MATERIAL SUPPLIED ::
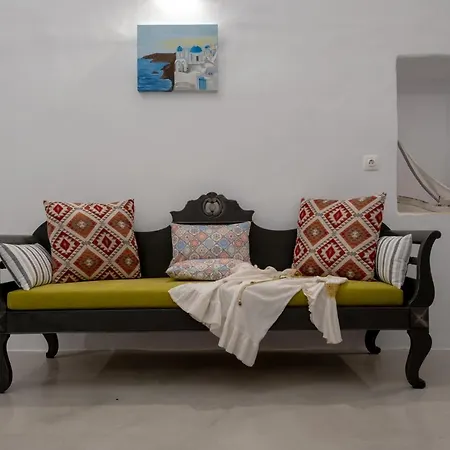 Villa Labyrinth Traditional Pyrgos Kallistis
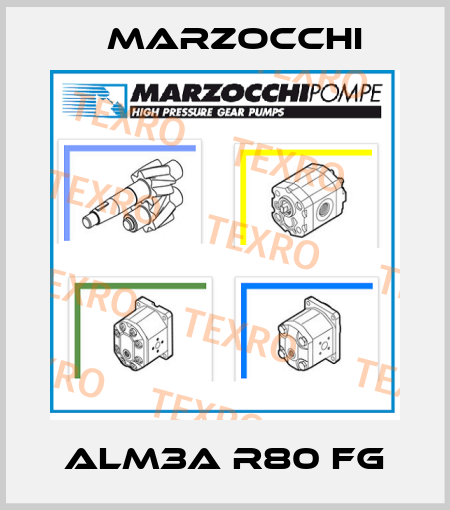 ALM3A R80 FG Marzocchi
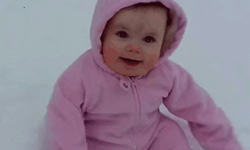 就算看煙火也能超失控！當你還是孩子時或許也有這些第一次…… 寶寶、可愛、嬰兒、第一次、萌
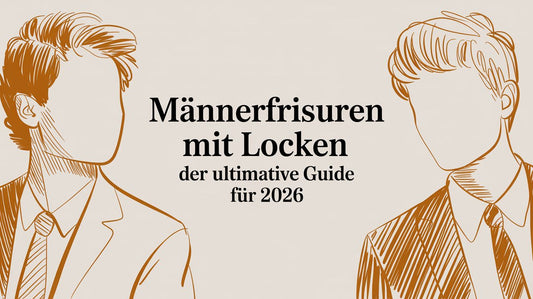 Männerfrisuren mit Locken: Der ultimative Guide für 2026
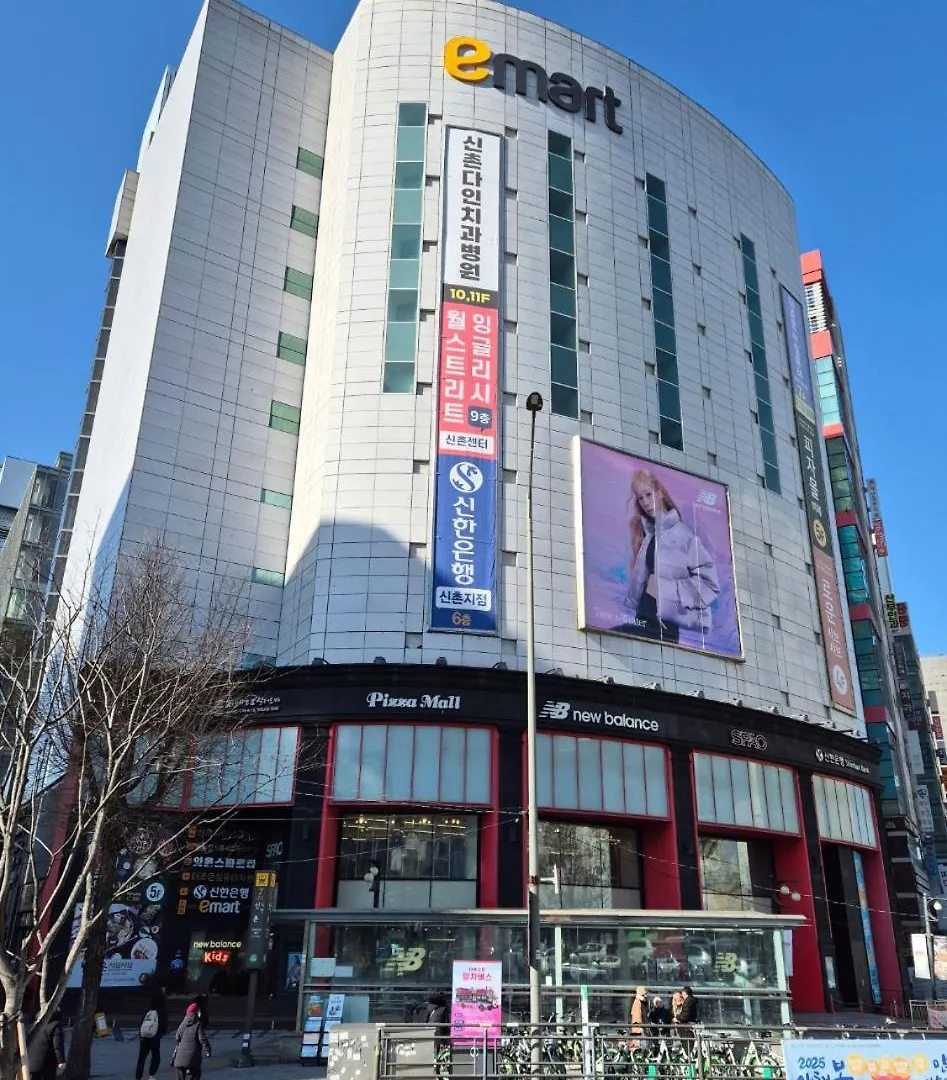 Stay Window Seoul South Korea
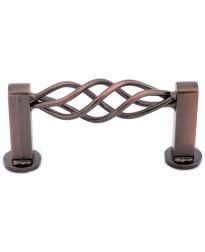 3 1/4" Pull - Mission Bay - Oil Rubbed Bronze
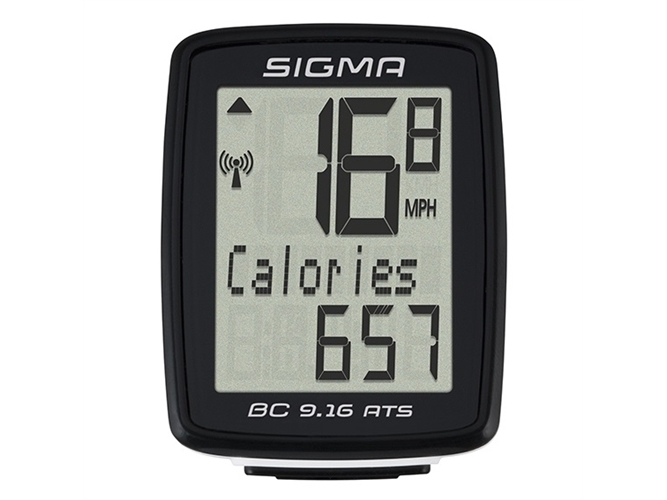 Sigma Sport BC 9.16 ATS, 35 x 27 mm, 35,5 mm, 10,2 mm, 50 mm | Tele & GPS - GPS - GPS | GameStuff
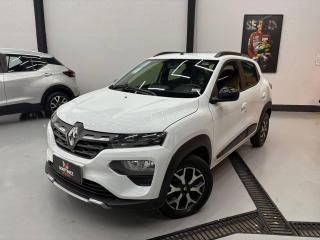 Foto do veículo Renault Kwid Outsider 1.0 Flex 12v 5p Mec.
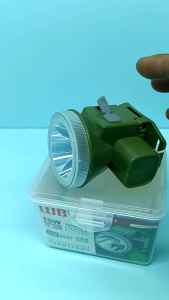 Senter Kepala Luby 10 Watt L1511 / Luby L 1511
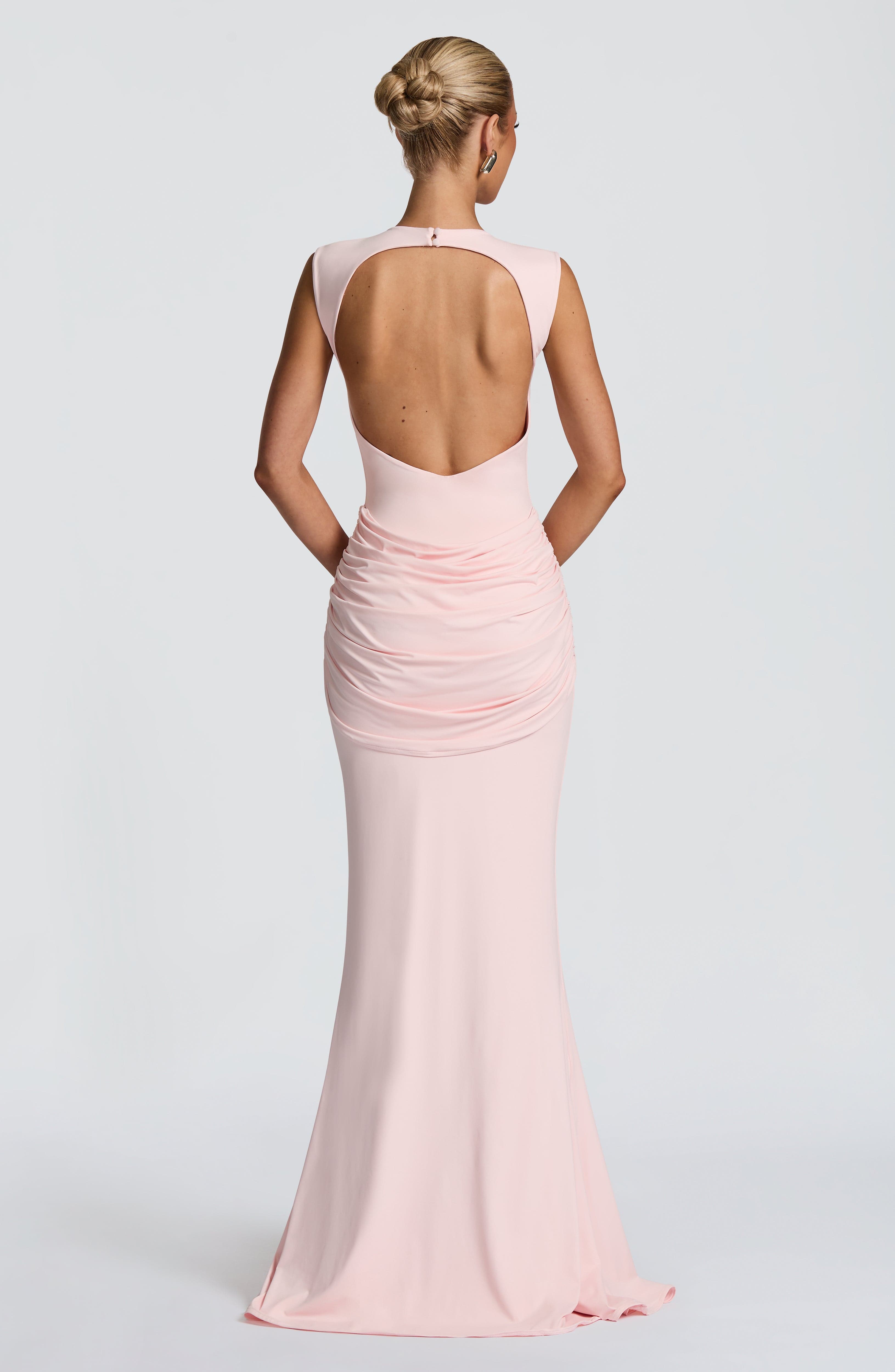 Sukienka Leronza Maxi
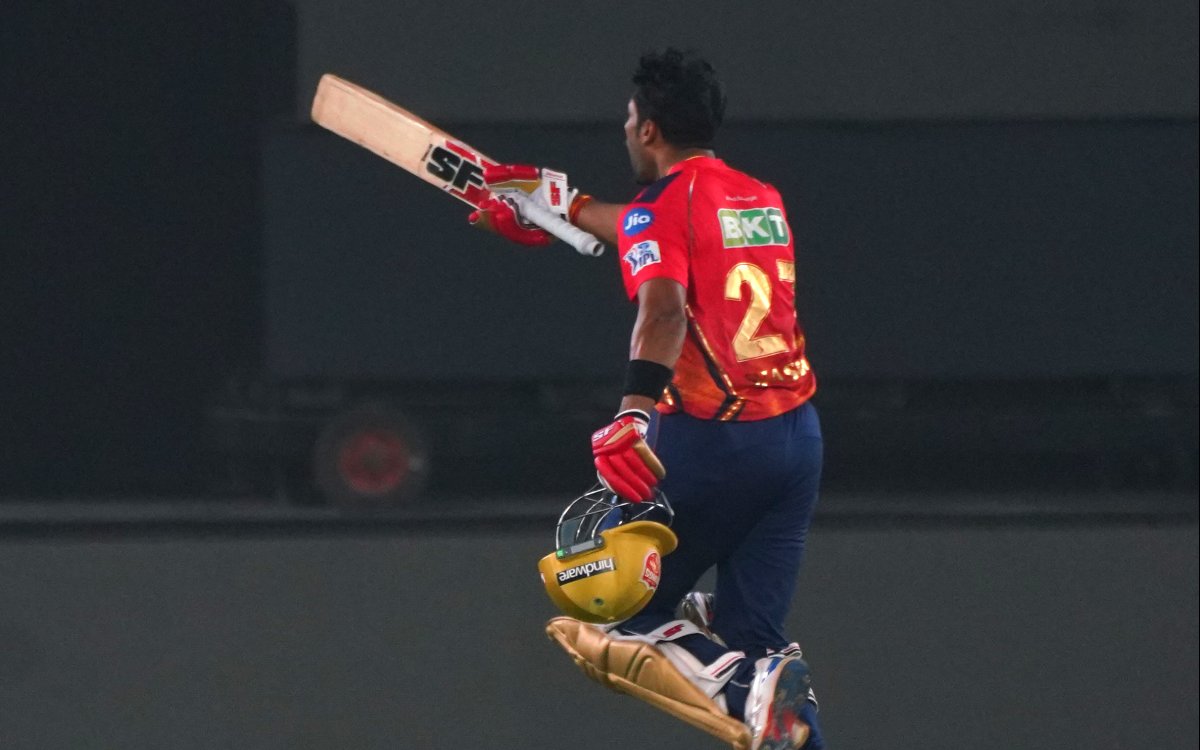 IPL 2024: Shashank, Ashutosh put Punjab back on track with win over Gujarat Titans (Ld)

INSTRUCTIONS FOR THE TASK ::
The copy you output must match the entries above exactly, except that it has no pictures.

RESULT OF THE EXERCISE ::
 Villa Labyrinth Traditional Pyrgos Kallistis
 ALM3A R80 FG Marzocchi
 就算看煙火也能超失控！當你還是孩子時或許也有這些第一次…… 寶寶、可愛、嬰兒、第一次、萌
 Männerfrisuren mit Locken: Der ultimative Guide für 2026
 Stay Window Seoul South Korea
 3 1/4" Pull - Mission Bay - Oil Rubbed Bronze
 Sigma Sport BC 9.16 ATS, 35 x 27 mm, 35,5 mm, 10,2 mm, 50 mm | Tele & GPS - GPS - GPS | GameStuff
 Foto do veículo Renault Kwid Outsider 1.0 Flex 12v 5p Mec.
 Senter Kepala Luby 10 Watt L1511 / Luby L 1511
 Sukienka Leronza Maxi
 IPL 2024: Shashank, Ashutosh put Punjab back on track with win over Gujarat Titans (Ld)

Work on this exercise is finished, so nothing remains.